前回解説しましたインボイス制度の開始によって様々な影響が考えられており、免税事業者の中には、インボイス制度への対策として簡易課税制度を適用するケースも見受けられます。

そこで今回は、簡易課税制度に関する基礎知識と、インボイス制度で受ける影響や対応準備のための注意点などを解説します。
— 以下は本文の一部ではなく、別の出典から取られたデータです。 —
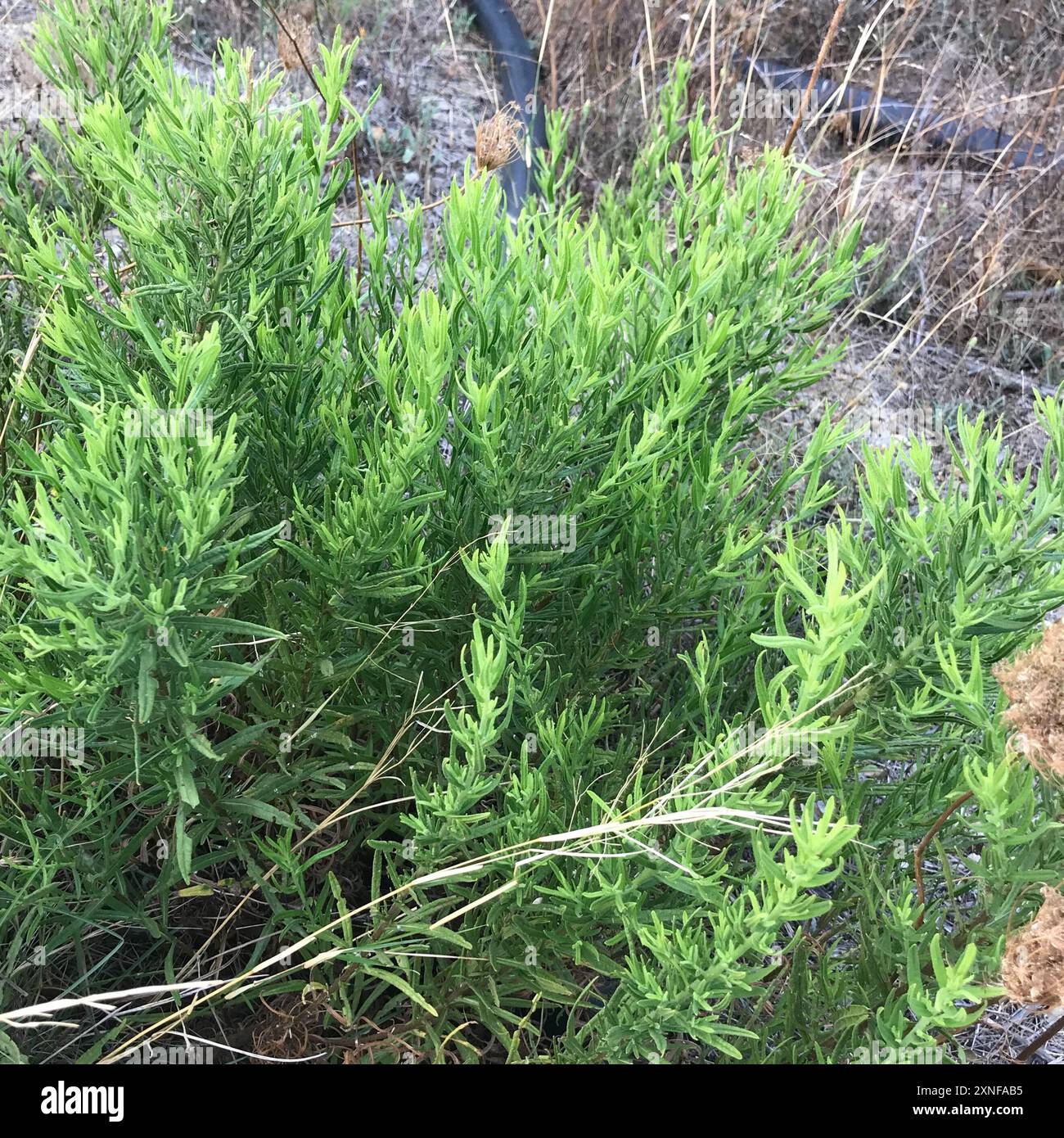 Falsche yellowhead (Dittrichia viscosa) Plantae Stockfoto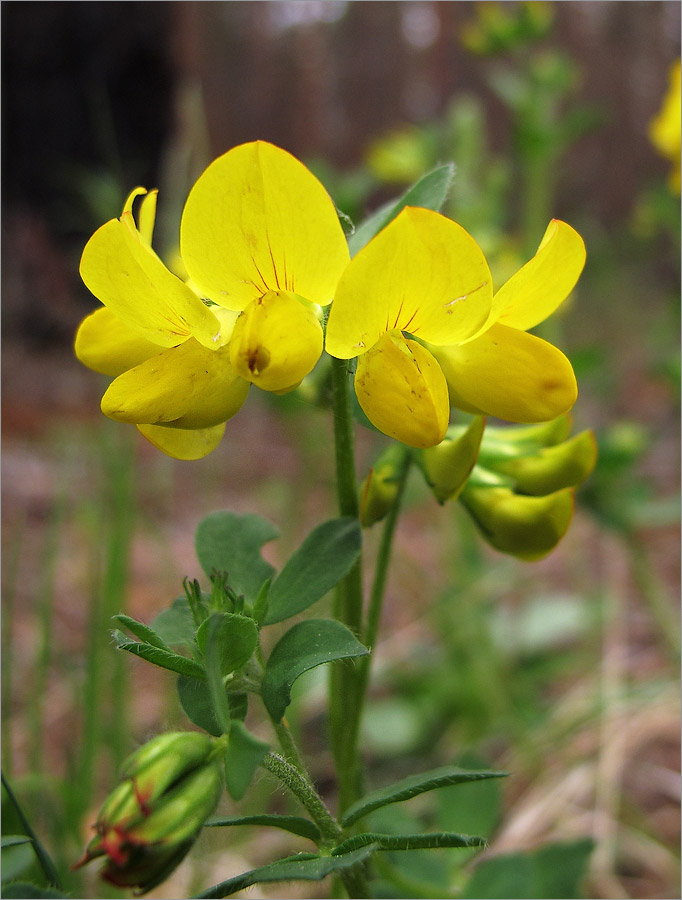 Изображение особи Lotus callunetorum.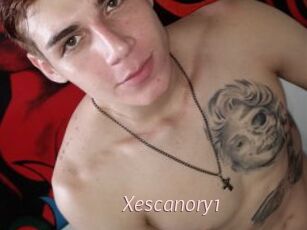 Xescanory1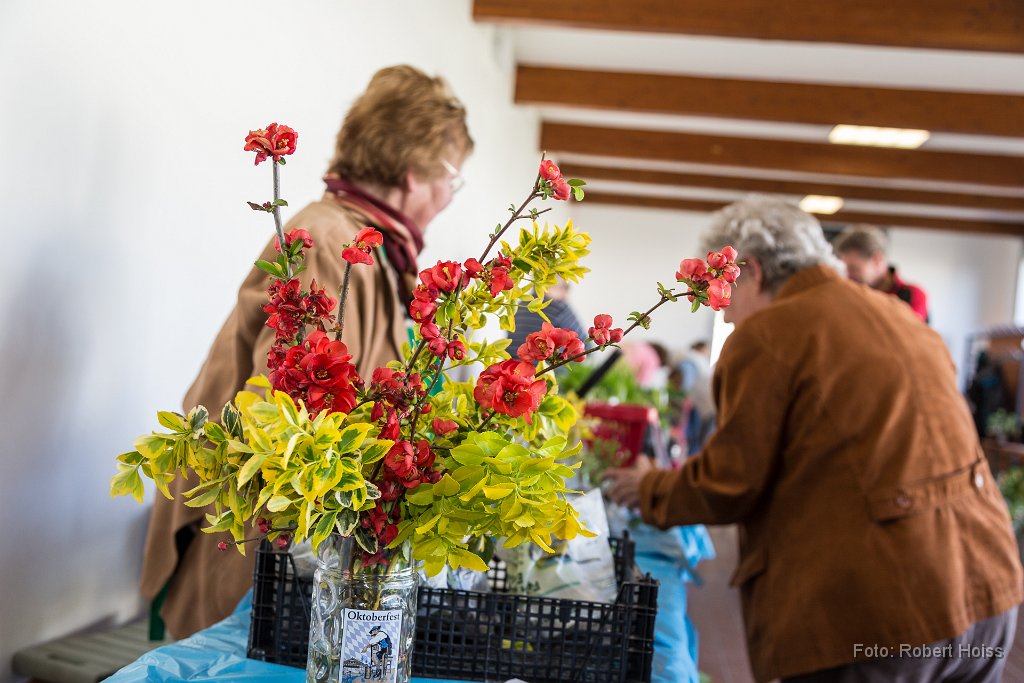 2016-04-30_026_Pflanzenflohmarkt_0428_RH.jpg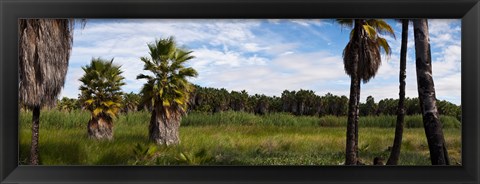 Framed Grove of Mexican fan palm trees near Las Palmas Beach, Todos Santos, Baja California Sur, Mexico Print
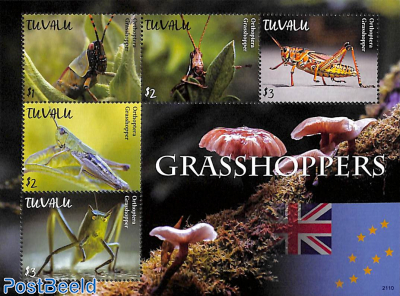 Grasshoppers 5v m/s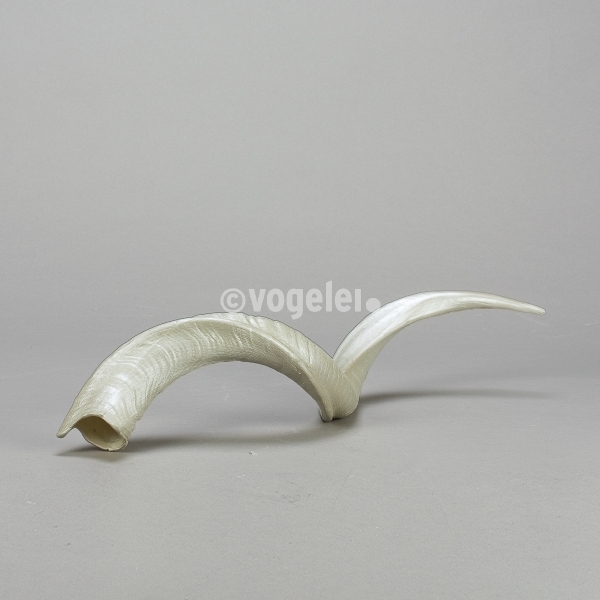 Antilopenhorn, Replikat, klein, L 60 cm, Perlmutt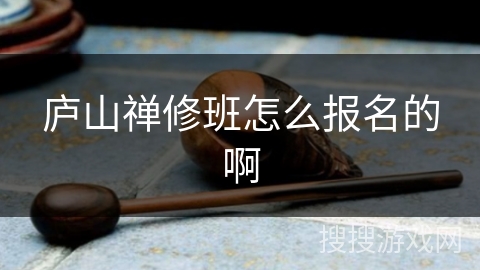 庐山禅修班怎么报名的啊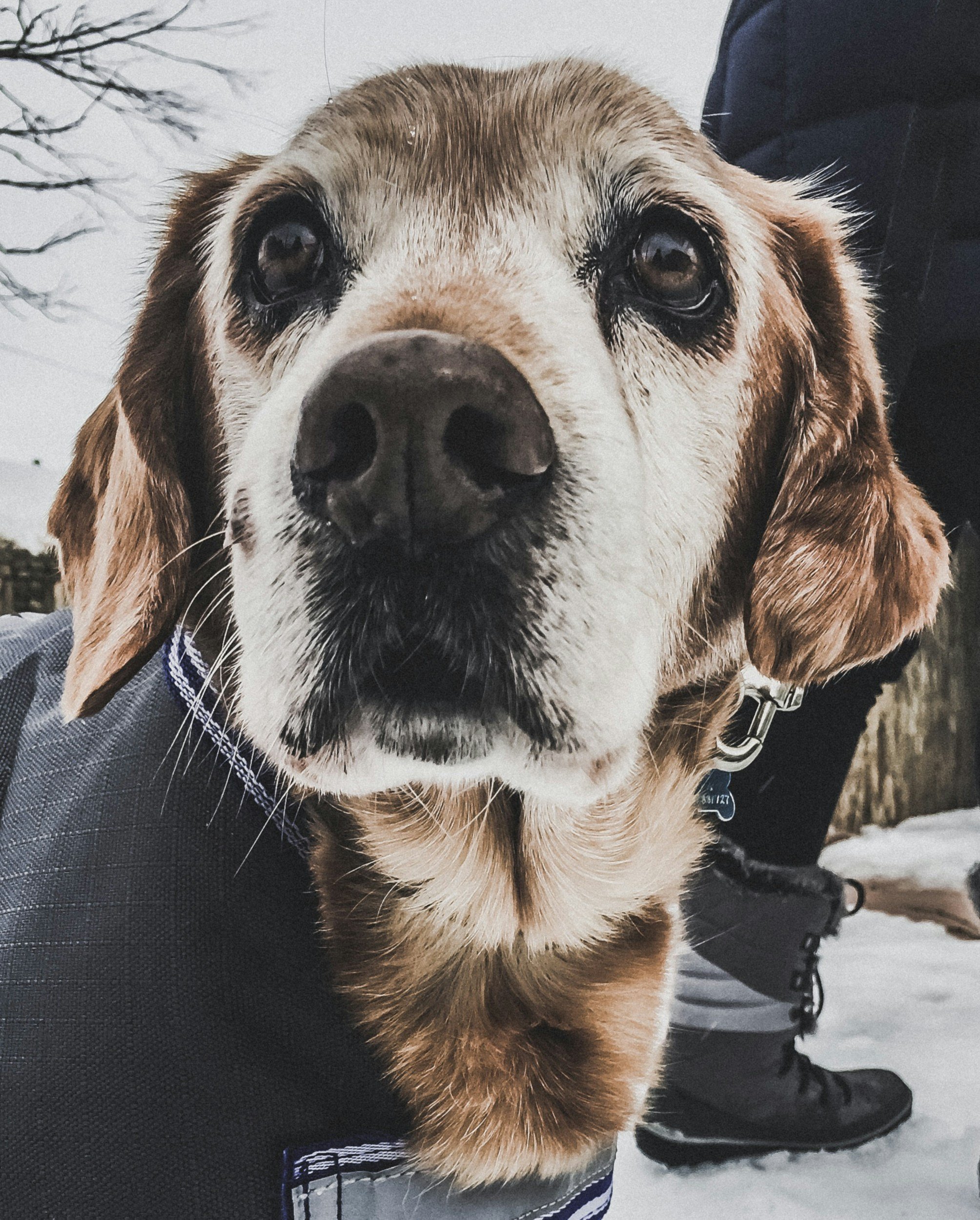 5 Steps to Take If You Think Your Dog Has Separation Anxiety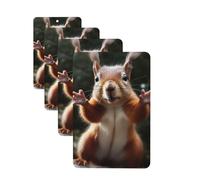 Squirrel Funny Animal Car Air Fresheners 4 Pcs Funny Hanging Car Air Fresheners Cute Long Lasting Scented Mirror Hanging Decoration Ornaments Gift For Men Women Rectangle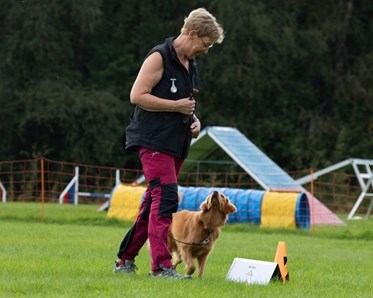 Rallylydnad kontakt.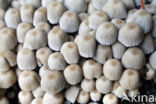 Fairy Inkcap (Coprinus disseminatus)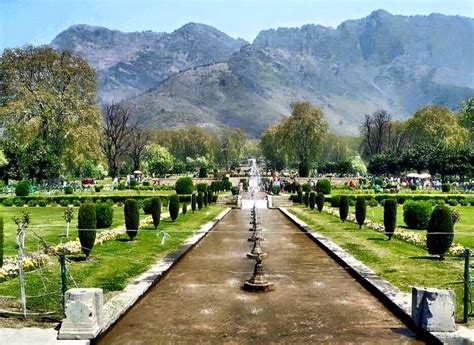 Nishat Garden Srinagar Paradise Kashmir
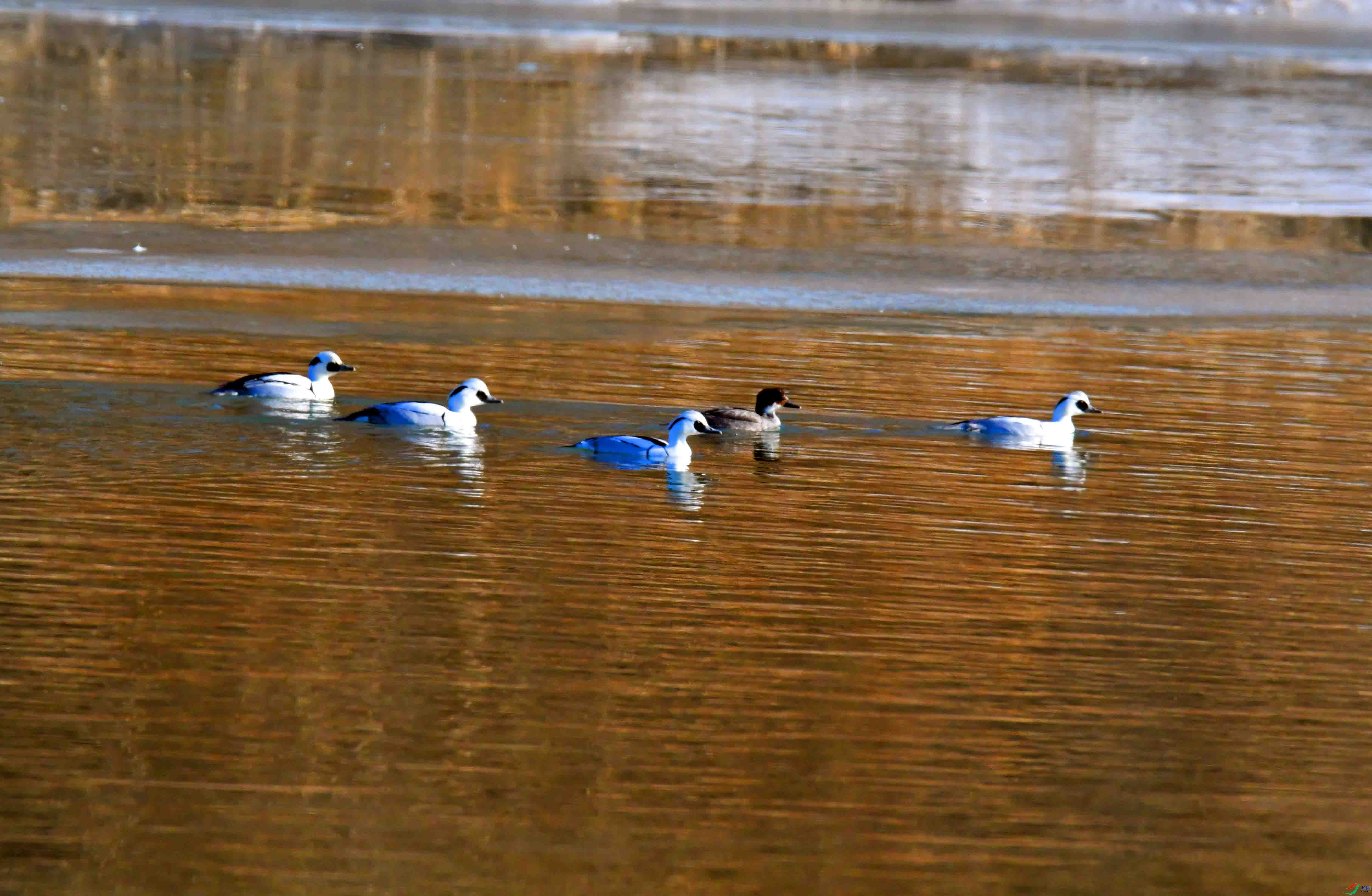 DSC_5053.JPG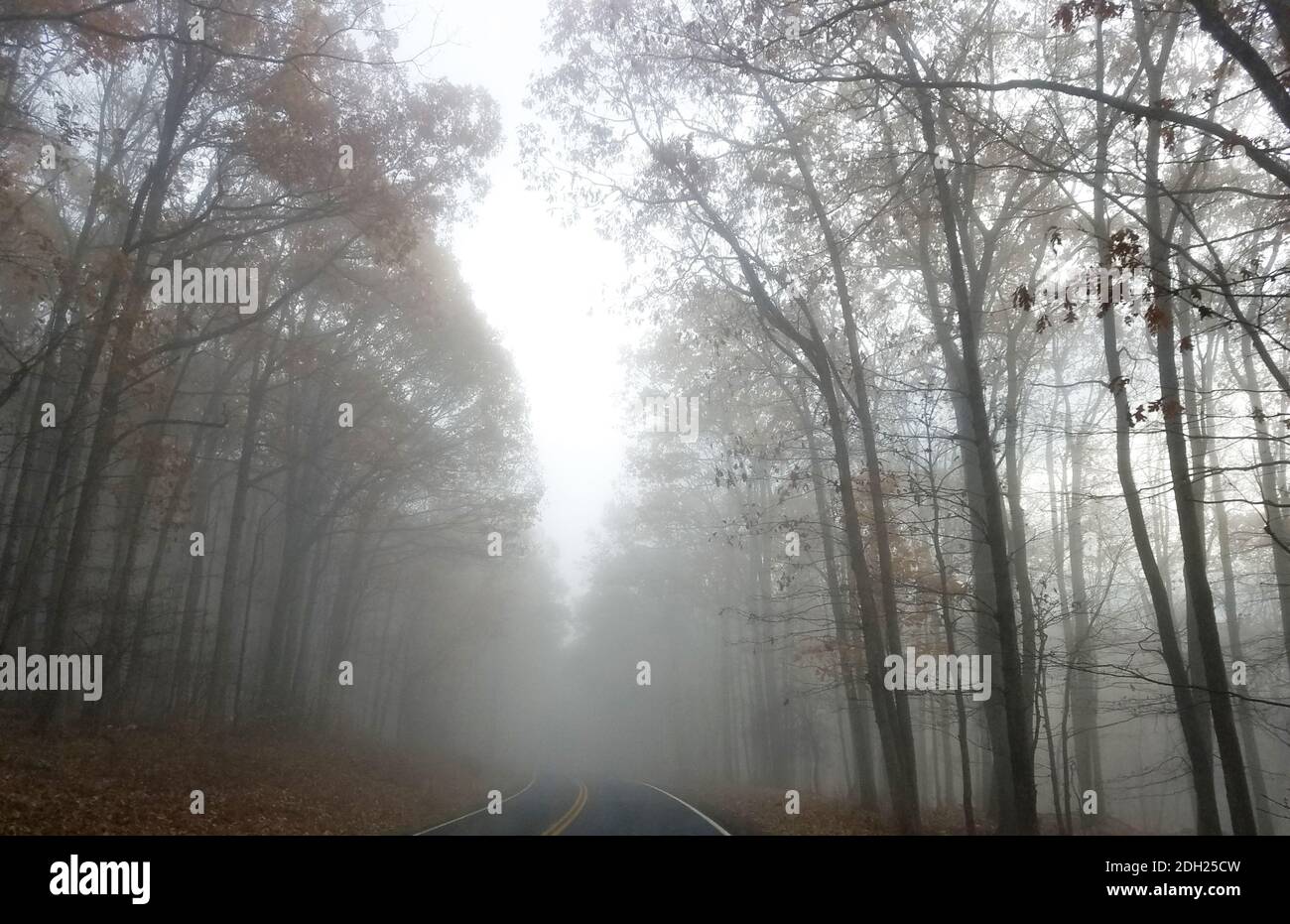 Fog shenandoah foggy road hi-res stock photography and images - Alamy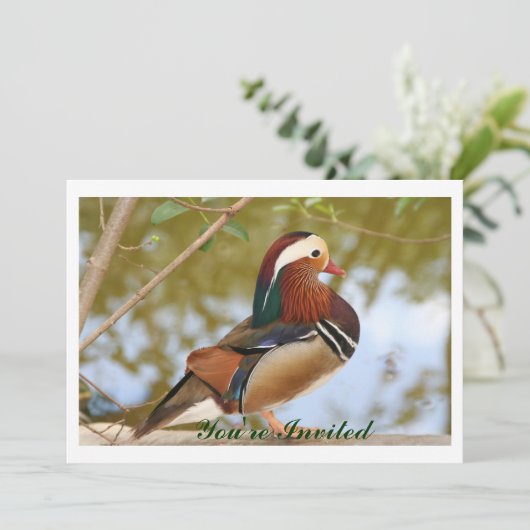 Mandarin Duck Kaart (Staand voorkant)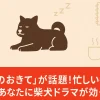 『シバのおきて』が話題！忙しい毎日を頑張るあなたに柴犬ドラマが効く理由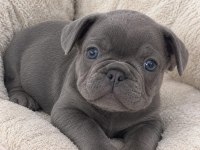 Orjinal blue french bulldog bebekler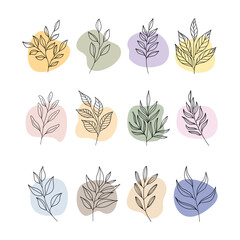 plant and leaves with boho abstract shape	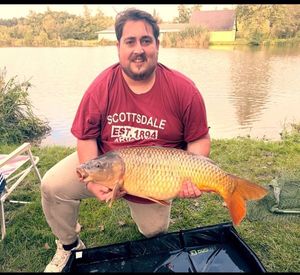 Common Carp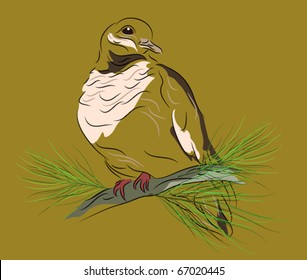 Dove perched on a pine bough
それに加えて、税制改正により新たに設けられた消費税の計算方法の「2割特例」についても触れていきたいと思います。

-簡易課税制度とは?-

簡易課税制度とは、納める消費税額を売上に係る消費税額(以下、「売上消費税額」という。)から簡単に計算することができる制度です。中小企業の事務負担を軽減することが目的で、対象となる課税事業者ならば任意で選択することができます。簡易課税制度の適用を受けた事業者は「簡易課税事業者」と呼ばれます。

ただし、「簡易課税事業者」になれるのは、「基準期間(前々年事業年度)の課税売上高が5,000万円以下」であることが条件とされており、課税売上高が5,000万円を超えると強制的に一般の計算方式(以下、「一般課税方式」という。)が適用されます。(その後の事業年度において、また基準期間の課税売上高が5,000万円以下になった場合には、再び自動的に簡易課税に戻ります。)

通常、課税事業者になると一般課税方式が適用されます。一般課税方式では、仕入に係る消費税額を①「課税売上のみに係るもの」②「非課税売上のみに係るもの」③「課税売上と非課税売上に共通して係るもの」の3つに区分し、実際に、仕入にかかった消費税額(以下、「仕入税額」)を正確に計算し、売上消費税額との差額で納税額を出します。 一方、簡易課税制度では、売上消費税額の合計金額に、みなし仕入率を掛けて仕入税額を計算し、売上消費税額との差額で納税額を出します。(これを「簡易課税方式」といいます。)

簡易課税方式で使用するみなし仕入率は、次のように業種ごとに割合が定められています。複数の事業を展開している企業の場合、一般課税と同じ要領で課税売上を業種ごとに区分して管理していれば、複数のみなし仕入率を適用できます。しかし、業種ごとに区分せず一括管理している場合は「最も低いみなし仕入率を用いて計算」すると定められているため、注意が必要です。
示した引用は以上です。